**Work order:**
Quote the records below word for word, please, from the very first line through the one that contains "231 High Street, North Vernon, IN 47265", and nothing beyond it.

[Brief descriptive captions]
★ ★ ★ ★ ★ ★ ★

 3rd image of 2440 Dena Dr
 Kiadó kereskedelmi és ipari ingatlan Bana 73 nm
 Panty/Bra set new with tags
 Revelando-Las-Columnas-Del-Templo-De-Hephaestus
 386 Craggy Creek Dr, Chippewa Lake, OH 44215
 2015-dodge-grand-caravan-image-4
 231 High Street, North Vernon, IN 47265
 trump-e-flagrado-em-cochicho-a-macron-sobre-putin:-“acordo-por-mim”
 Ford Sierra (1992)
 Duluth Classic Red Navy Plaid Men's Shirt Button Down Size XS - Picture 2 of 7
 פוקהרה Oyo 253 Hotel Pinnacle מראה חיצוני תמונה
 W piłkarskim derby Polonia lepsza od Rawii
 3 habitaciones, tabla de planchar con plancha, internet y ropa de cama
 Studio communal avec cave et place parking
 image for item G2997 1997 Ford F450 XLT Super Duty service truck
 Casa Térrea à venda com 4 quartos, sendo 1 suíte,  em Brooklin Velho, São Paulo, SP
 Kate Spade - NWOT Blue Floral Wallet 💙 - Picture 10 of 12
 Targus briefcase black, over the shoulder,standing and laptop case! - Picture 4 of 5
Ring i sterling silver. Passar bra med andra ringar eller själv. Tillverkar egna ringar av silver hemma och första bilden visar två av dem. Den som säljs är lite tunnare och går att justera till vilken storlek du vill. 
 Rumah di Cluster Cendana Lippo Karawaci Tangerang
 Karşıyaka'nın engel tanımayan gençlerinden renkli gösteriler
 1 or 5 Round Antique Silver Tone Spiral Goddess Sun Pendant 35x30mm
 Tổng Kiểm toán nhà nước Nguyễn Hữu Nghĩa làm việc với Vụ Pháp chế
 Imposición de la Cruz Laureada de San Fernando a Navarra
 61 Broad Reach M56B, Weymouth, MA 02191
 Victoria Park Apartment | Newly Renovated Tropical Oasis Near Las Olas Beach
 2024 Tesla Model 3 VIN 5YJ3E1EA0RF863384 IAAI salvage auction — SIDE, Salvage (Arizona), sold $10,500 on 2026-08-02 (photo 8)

★ ★ ★ ★ ★ ★ ★

**Exercise result:**
 3rd image of 2440 Dena Dr
 Kiadó kereskedelmi és ipari ingatlan Bana 73 nm
 Panty/Bra set new with tags
 Revelando-Las-Columnas-Del-Templo-De-Hephaestus
 386 Craggy Creek Dr, Chippewa Lake, OH 44215
 2015-dodge-grand-caravan-image-4
 231 High Street, North Vernon, IN 47265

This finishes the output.